> [Problem details]
From the records below, transcribe exactly the lines that begin at the line with "Never Used Acoustic Guitar" and end at the line with "1005 E Riverside", both included.

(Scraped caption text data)
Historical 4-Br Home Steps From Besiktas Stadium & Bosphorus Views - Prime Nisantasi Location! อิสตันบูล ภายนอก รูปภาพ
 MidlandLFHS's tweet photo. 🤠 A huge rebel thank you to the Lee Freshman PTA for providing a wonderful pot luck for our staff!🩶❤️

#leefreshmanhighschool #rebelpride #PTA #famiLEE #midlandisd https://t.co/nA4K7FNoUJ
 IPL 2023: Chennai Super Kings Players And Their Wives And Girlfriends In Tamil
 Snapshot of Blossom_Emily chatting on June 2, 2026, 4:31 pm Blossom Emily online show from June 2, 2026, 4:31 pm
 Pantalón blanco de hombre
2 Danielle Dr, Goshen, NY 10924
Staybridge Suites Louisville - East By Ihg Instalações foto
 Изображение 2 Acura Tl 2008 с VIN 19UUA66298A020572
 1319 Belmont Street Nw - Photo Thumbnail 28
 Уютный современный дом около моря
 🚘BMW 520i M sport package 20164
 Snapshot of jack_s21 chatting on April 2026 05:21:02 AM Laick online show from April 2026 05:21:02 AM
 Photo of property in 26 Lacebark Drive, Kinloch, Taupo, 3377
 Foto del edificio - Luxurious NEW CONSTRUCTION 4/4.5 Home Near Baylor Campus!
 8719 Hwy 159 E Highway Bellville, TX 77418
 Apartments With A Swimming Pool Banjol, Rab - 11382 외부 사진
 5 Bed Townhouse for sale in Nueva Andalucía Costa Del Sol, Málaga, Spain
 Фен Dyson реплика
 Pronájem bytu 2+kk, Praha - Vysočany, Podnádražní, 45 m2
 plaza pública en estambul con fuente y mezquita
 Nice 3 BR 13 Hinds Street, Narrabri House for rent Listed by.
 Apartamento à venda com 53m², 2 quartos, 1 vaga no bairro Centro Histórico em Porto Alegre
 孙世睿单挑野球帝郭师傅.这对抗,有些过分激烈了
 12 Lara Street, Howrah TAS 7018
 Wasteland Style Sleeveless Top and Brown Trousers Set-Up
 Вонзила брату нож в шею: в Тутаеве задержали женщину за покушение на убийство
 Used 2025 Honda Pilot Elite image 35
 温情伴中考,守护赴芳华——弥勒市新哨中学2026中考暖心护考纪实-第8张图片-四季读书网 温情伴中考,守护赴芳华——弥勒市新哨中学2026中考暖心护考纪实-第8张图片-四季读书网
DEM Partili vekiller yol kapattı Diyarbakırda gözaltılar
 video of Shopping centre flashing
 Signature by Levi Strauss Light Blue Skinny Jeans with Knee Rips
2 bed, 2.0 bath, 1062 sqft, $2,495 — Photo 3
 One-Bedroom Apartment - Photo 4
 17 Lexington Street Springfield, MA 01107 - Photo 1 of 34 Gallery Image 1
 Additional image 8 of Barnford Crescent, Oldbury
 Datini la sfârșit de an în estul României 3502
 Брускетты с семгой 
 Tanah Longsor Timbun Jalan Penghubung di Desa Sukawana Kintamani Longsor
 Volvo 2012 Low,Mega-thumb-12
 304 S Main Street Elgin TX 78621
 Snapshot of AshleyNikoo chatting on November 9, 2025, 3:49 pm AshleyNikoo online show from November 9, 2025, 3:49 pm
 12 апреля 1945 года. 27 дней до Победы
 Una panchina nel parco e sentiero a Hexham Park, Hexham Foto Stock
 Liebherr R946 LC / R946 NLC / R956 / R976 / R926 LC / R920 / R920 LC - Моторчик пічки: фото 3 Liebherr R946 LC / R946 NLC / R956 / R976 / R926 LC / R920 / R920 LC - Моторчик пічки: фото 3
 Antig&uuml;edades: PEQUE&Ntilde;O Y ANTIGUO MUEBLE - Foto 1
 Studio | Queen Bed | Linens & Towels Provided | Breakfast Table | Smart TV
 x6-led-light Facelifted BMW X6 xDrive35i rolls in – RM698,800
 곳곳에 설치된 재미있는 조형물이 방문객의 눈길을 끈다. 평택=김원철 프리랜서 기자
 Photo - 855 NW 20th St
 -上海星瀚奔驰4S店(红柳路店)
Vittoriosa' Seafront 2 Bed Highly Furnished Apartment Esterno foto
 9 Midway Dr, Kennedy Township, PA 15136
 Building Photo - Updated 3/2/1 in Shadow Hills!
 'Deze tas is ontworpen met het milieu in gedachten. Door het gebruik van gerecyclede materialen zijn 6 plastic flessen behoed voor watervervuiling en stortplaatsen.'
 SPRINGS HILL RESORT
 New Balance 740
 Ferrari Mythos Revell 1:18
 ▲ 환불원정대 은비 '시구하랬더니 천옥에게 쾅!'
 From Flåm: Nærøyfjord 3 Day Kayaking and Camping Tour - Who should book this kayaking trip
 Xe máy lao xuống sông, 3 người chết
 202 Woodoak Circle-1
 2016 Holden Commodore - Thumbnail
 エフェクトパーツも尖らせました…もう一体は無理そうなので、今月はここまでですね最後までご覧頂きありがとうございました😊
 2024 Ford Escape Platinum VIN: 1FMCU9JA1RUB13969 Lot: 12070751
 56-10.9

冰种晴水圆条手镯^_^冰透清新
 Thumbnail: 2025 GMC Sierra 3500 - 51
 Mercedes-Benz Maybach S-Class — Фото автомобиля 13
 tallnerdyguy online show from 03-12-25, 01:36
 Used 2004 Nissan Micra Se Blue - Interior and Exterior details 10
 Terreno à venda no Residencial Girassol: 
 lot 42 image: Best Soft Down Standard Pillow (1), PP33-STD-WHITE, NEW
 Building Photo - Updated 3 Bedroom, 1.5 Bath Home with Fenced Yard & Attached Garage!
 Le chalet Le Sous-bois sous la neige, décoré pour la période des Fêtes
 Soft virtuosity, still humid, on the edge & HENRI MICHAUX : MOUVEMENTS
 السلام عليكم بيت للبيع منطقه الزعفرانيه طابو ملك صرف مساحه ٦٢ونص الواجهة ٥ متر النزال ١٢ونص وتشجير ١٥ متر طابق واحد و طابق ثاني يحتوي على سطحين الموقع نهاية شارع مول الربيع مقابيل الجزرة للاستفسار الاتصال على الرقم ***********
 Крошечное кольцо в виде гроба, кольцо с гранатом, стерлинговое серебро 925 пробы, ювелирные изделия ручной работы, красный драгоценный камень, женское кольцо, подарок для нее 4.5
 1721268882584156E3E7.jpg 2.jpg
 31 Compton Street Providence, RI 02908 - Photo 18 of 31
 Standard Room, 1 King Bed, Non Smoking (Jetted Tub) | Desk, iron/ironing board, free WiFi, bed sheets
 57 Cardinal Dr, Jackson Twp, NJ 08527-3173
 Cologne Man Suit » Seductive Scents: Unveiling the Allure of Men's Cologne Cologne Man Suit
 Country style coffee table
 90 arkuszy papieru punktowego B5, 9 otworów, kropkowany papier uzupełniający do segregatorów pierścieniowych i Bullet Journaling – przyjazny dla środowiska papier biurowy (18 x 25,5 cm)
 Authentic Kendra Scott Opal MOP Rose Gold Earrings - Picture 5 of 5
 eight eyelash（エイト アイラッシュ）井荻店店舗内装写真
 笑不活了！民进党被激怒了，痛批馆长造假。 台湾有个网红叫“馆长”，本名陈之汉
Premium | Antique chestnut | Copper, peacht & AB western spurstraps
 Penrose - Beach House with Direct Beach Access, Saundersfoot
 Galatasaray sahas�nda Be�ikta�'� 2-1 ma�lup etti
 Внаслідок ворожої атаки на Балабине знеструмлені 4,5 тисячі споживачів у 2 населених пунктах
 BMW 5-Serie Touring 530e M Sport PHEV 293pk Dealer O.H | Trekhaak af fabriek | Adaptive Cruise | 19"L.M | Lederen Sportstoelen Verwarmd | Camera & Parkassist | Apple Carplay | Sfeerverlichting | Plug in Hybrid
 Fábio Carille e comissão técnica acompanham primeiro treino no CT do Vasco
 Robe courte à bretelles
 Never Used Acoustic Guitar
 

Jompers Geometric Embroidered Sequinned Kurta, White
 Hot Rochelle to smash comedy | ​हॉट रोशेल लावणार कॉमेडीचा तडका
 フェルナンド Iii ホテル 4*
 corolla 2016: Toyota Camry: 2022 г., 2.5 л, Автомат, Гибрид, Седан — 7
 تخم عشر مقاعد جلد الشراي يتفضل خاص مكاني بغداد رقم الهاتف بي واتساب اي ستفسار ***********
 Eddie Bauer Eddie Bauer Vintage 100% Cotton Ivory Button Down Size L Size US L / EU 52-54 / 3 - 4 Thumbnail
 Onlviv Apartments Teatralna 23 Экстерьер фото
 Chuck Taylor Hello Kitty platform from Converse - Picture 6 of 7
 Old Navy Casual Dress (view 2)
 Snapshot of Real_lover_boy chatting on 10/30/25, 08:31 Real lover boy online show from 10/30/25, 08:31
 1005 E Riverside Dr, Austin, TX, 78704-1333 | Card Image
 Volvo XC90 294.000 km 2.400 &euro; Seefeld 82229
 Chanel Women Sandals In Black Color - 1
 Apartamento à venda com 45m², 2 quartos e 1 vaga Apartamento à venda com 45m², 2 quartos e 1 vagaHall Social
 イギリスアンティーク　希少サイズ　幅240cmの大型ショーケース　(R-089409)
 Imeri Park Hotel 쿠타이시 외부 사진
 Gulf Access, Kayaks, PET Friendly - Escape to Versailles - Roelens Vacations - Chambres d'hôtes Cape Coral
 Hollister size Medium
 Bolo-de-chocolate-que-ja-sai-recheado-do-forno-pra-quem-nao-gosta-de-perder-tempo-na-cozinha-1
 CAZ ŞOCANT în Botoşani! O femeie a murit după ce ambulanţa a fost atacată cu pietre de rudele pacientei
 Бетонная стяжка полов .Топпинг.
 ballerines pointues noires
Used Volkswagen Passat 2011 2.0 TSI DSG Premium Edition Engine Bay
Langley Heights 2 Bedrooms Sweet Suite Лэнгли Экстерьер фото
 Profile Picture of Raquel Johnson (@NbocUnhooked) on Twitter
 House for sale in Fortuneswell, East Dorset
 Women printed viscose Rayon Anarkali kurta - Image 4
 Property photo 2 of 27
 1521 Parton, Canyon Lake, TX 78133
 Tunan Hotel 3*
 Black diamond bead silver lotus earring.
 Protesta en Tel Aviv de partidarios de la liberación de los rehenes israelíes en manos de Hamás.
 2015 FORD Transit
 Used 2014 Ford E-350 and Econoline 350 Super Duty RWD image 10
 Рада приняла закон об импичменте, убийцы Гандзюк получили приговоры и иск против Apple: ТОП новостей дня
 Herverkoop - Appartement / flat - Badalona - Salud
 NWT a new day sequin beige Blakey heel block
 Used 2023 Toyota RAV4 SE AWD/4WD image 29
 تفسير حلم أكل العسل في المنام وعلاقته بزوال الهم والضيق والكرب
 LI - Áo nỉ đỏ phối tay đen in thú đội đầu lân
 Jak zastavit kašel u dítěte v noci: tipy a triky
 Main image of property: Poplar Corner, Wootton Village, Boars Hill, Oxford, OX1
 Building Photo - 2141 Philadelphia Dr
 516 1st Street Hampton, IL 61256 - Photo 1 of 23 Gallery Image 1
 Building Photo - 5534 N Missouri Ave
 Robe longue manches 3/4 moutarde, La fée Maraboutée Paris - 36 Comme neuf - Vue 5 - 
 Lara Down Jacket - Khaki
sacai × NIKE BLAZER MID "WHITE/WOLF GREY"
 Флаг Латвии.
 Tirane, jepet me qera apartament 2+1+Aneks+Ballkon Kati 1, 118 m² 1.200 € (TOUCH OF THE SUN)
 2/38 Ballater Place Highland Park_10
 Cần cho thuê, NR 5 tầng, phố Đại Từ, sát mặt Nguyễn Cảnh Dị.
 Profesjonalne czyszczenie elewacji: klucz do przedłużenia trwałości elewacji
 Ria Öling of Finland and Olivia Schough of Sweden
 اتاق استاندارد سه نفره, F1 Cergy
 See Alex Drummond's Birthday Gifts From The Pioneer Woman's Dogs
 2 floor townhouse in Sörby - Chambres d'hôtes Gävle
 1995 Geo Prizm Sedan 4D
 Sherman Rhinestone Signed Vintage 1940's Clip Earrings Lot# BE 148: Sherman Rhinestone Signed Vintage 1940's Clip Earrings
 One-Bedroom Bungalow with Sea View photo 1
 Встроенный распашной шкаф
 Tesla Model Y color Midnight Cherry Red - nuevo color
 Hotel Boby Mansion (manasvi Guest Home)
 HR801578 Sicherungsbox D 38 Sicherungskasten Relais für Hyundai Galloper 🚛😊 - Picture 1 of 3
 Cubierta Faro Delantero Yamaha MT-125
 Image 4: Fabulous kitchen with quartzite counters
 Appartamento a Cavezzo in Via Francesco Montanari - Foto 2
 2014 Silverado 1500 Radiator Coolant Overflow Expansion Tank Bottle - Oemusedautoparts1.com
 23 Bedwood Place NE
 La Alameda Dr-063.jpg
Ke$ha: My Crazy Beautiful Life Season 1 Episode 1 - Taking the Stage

> [Final answer]
 Never Used Acoustic Guitar
 

Jompers Geometric Embroidered Sequinned Kurta, White
 Hot Rochelle to smash comedy | ​हॉट रोशेल लावणार कॉमेडीचा तडका
 フェルナンド Iii ホテル 4*
 corolla 2016: Toyota Camry: 2022 г., 2.5 л, Автомат, Гибрид, Седан — 7
 تخم عشر مقاعد جلد الشراي يتفضل خاص مكاني بغداد رقم الهاتف بي واتساب اي ستفسار ***********
 Eddie Bauer Eddie Bauer Vintage 100% Cotton Ivory Button Down Size L Size US L / EU 52-54 / 3 - 4 Thumbnail
 Onlviv Apartments Teatralna 23 Экстерьер фото
 Chuck Taylor Hello Kitty platform from Converse - Picture 6 of 7
 Old Navy Casual Dress (view 2)
 Snapshot of Real_lover_boy chatting on 10/30/25, 08:31 Real lover boy online show from 10/30/25, 08:31
 1005 E Riverside Dr, Austin, TX, 78704-1333 | Card Image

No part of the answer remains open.